It looks like I’m in the minority on this one, but I thought Tom Six’s The Human Centipede (Full Sequence) was a hilarious jab at the critics that have condemned him since the first film back in 2009. While it does come off as beating a dead horse to no end, it’s still a piece of art that one shouldn’t be taking too seriously. Yet, all the things I admire about the Franken-film, are all of the things critics appear to be slamming. To each their own, I guess.
You’ll find my positive review here, with David Harley joining the likes of Brad McHargue with his highly negative review beyond the break. I seriously cannot wait until October 7 to see what you, dear Bloody Disgusting readers, have to say! – Mr. Disgusting.

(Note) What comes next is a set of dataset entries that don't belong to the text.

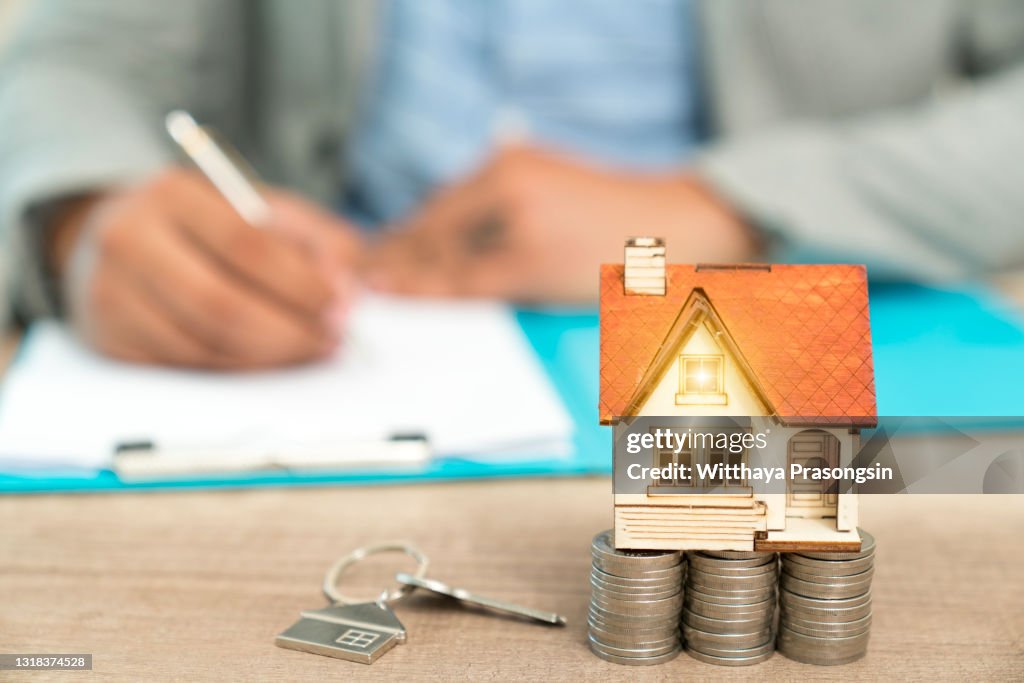 Real estate concept - businessman signs contract behind home architectural model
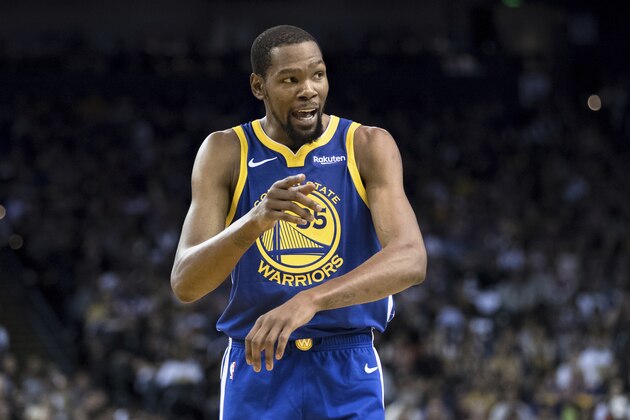 Golden State Warriors forward Kevin Durant reacts in the game against the Dallas Mavericks in the second half of an NBA basketball game Saturday, March 23, 2019 in Oakland, Calif. The Mavericks won 126-91. (AP Photo/John Hefti)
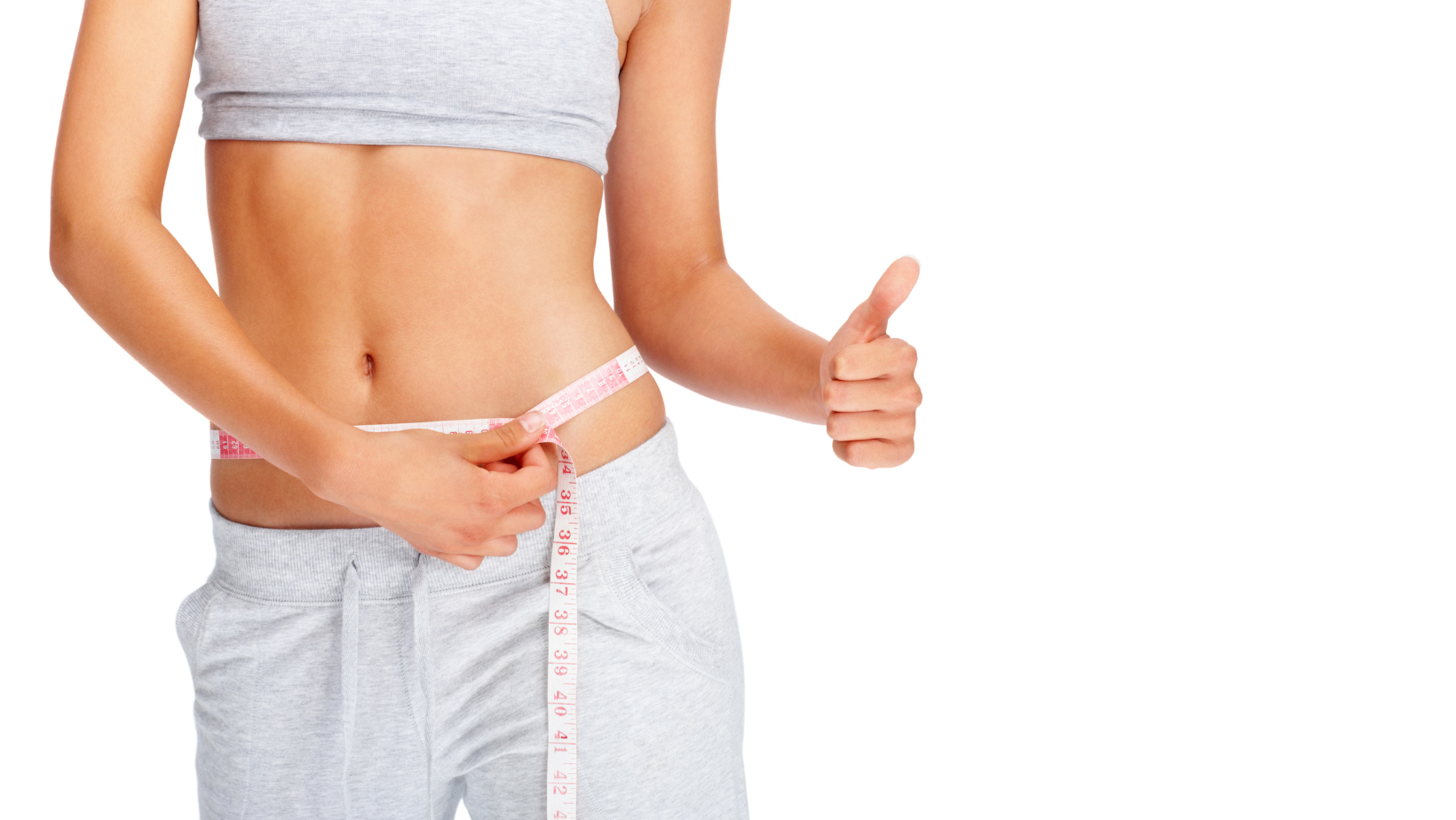 women with flat belly holding measuring tape. 
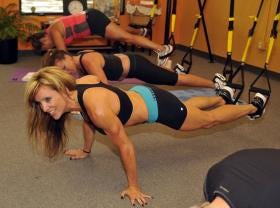 Fitness instructor Jodie Luther-Kofod leads a TRX class in a set of push-ups at Melt BodyMind Studio.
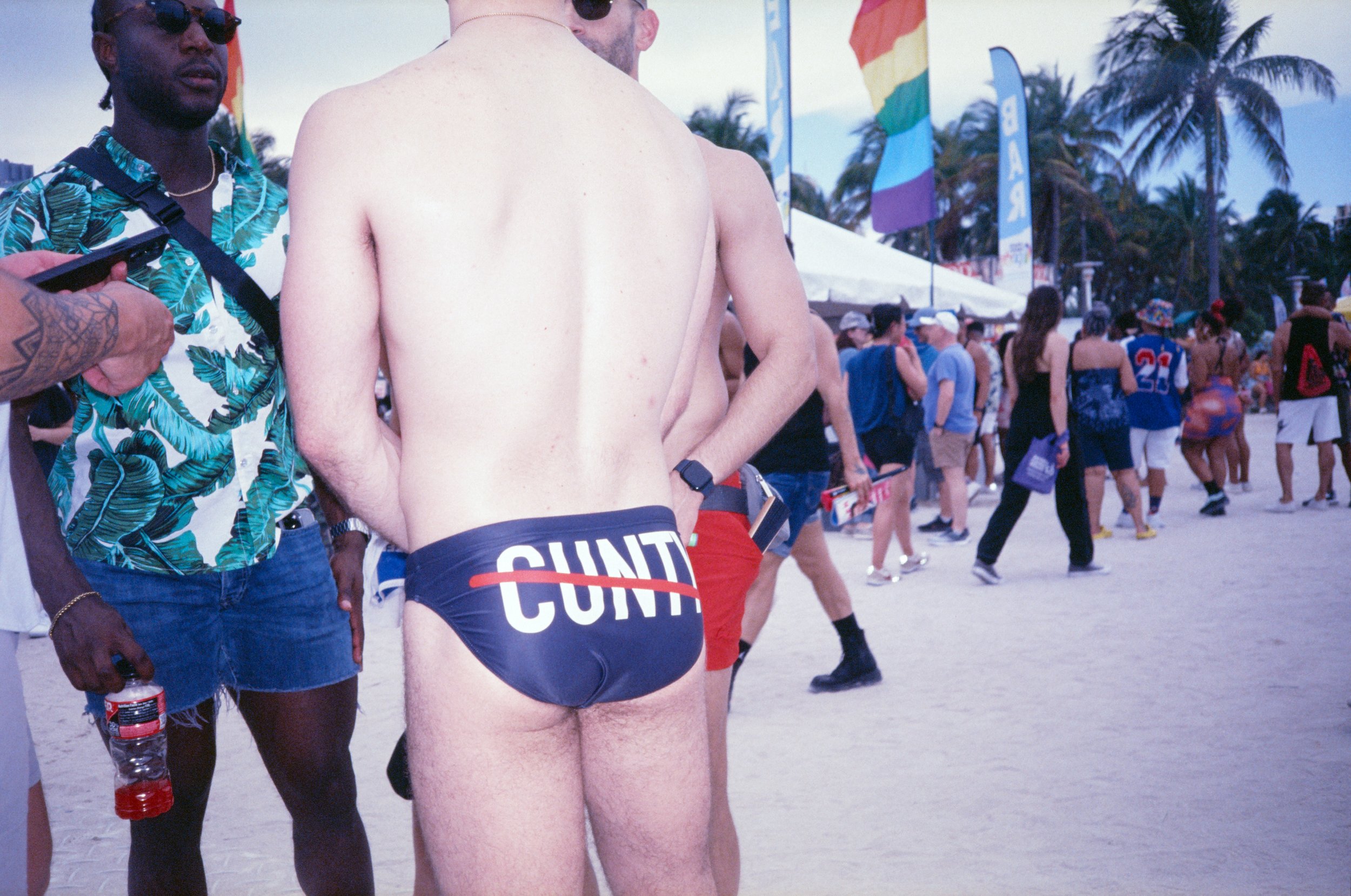 Person standing on the beach wearing underwear with large text, surrounded by crowds at a festival with palm trees, tents, and rainbow flags in the background.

With the original presented as a meta-element, the sequel explores the deranged mind of Martin (Laurence R. Harvey), a mentally challenged loner who has a Human Centipede fetish that eventually drives him to connect twelve people ass-to-mouth. Six’s script gives the sweaty, disgusting lead next to no character development, but Harvey – one of the two saving graces of this scatological debacle – gives a performance that defines the word “pervert,” never uttering a word during the ninety minute runtime but squealing and grunting enough to capture the essence of a slimy sexual deviant with a distorted perception of reality. The black and white aesthetic seemingly plays to that idea, capturing the contrast of realities between the two entries in an almost Wizard of Oz-like fashion but, to be blunt, that seems a little too complex for something like Full Sequence. Considering how juvenile and baseless the whole thing feels, its inclusion seems to have the sole purpose of being a punch line in a third act poop joke.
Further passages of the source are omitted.